Establishment renders harsh verdict o...

Establishment renders harsh verdict on Snowden

There are 94 comments on the Politico story from Jun 12, 2013, titled Establishment renders harsh verdict on Snowden. In it, Politico reports that:

He is the toast of the libertarian left and the libertarian right. But for most of the political establishment, across the ideological spectrum, it has taken only a few days to conclude that Edward Snowden is nothing less than a dangerous villain.

Join the discussion below, or Read more at Politico.

sinic

United States

#22 Jun 12, 2013
Kahoki wrote:
...
So let's get this right. The US Government through the NSA violated and broke the law of the land. The US Constitution. They violated the right to privacy and violated the right against illegal search and seizures ... And should Snowden go to jail, then should not the members of the government go to jail as well for their violation of the constitution? Since the constitution is the law of the land....?
As to the law of the land (what the Congress & Supreme Court say it is - your legal opinion is not binding), since the data itself is collected by private service providers who are only bound by Law and legal rulings witch means they must provide data on subpoena or a search warrant (see the 4th amendment), do we really expect that company data to be kept private? Is it OK for them to sell it to another company for whatever purpose the company chooses?

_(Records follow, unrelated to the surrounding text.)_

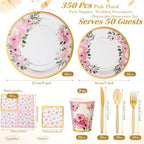 Ziliny 350 Pcs Floral Party Supplies Tableware Set Disposable 9'' 7'' Paper Plates 9 oz Cups Cutlery Napkins Dinnerware for Baby Shower Bridal Wedding 1st Birthday, Serve 50 (Floral, Rose Gold) - Image 2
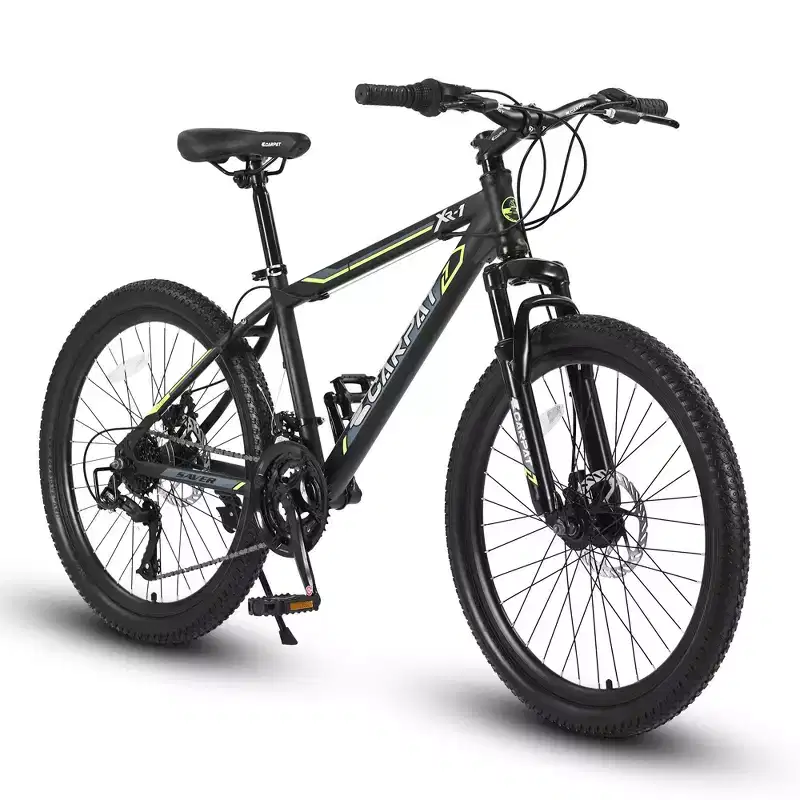 Okak 24IN Mountain Bike with Steel Frame, Kids Bike with Shimano 21 Speed, Daul Disc Brakes and Front Suspension, Bicycle for Teens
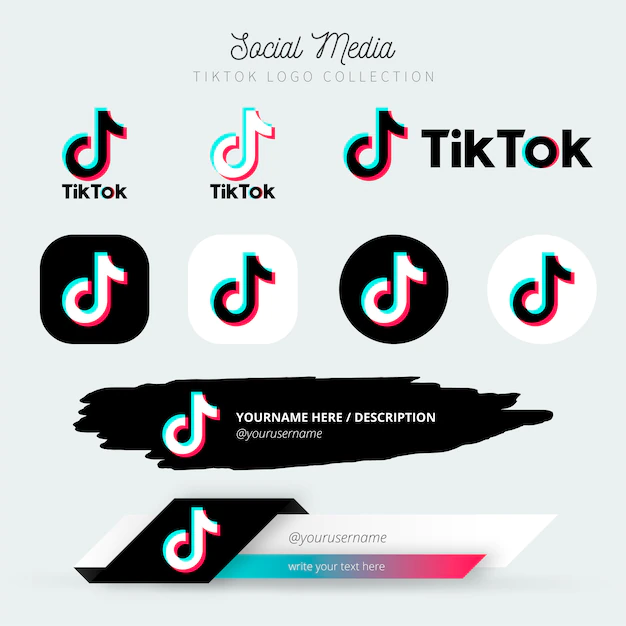 Free Vector | Tiktok logo and lower third collection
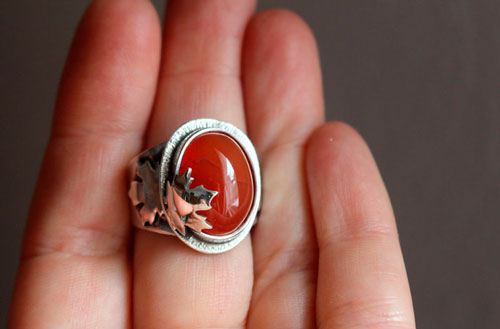 Red autumn leaf, maple leaf ring in silver and carnelian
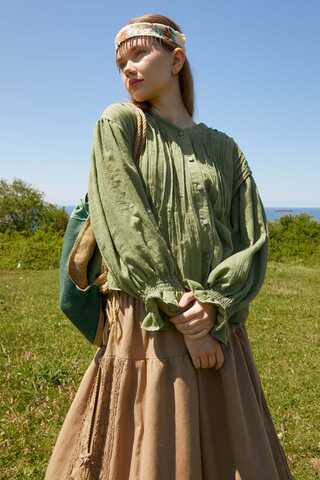 Ribbed Voile Shirt Soft Green - 8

In a memo dated March 14, 2003, an official in the Bush administration stated "... our Office recently concluded that the Fourth Amendment had no application to domestic military operations". The administration believed that any search or surveillance conducted by the National Security Agency of US citizens communicating with foreign nationals abroad was immune to a Fourth Amendment challenge. To protect the telecommunication carriers cooperating with the US government from legal action, the Congress passed a bill updating the Foreign Intelligence Surveillance Act of 1978 to permit this type of surveillance.

Given the Supreme courts ruling: n Katz v. United States, 389 U.S. 347 (1967), the Supreme Court ruled that a search occurs when 1) a person expects privacy in the thing searched and 2) society believes that expectation is reasonable. Maybe those two criteria are what we should be talking about.

Since: Mar 11

Location hidden

#23 Jun 12, 2013
As I've asserted before, I'm torn on this case. Did he really put lives in danger, or is it more scare rhetoric ala Eric Holder and the AP seizure?

Another question, why are the many of the same liberals who are clamoring for the leaker's head and censure (or worse) of the reporter, the same ones who cheered Thomas Tamm and the NYT Pulitzer winners for revealing information that directly threatened lives of overseas operatives?
Lamer

Norwalk, OH

#24 Jun 12, 2013
sinic wrote:
would the fix described in the article below work?
http://www.csmonitor.com/Commentary/Opinion/2...
They do not go into very good detail. In my opinion, it would be something like this:

New privacy laws on how much data companies can collect on people and what they can do with it and how long they can hold it. Europe has many great privacy laws in this regard. Even if the NSA wasnt spying, there are laws in place telling telecoms how long they have to retain data at their own expense. There is nothing stopping federal agencies from subpoenaing the data.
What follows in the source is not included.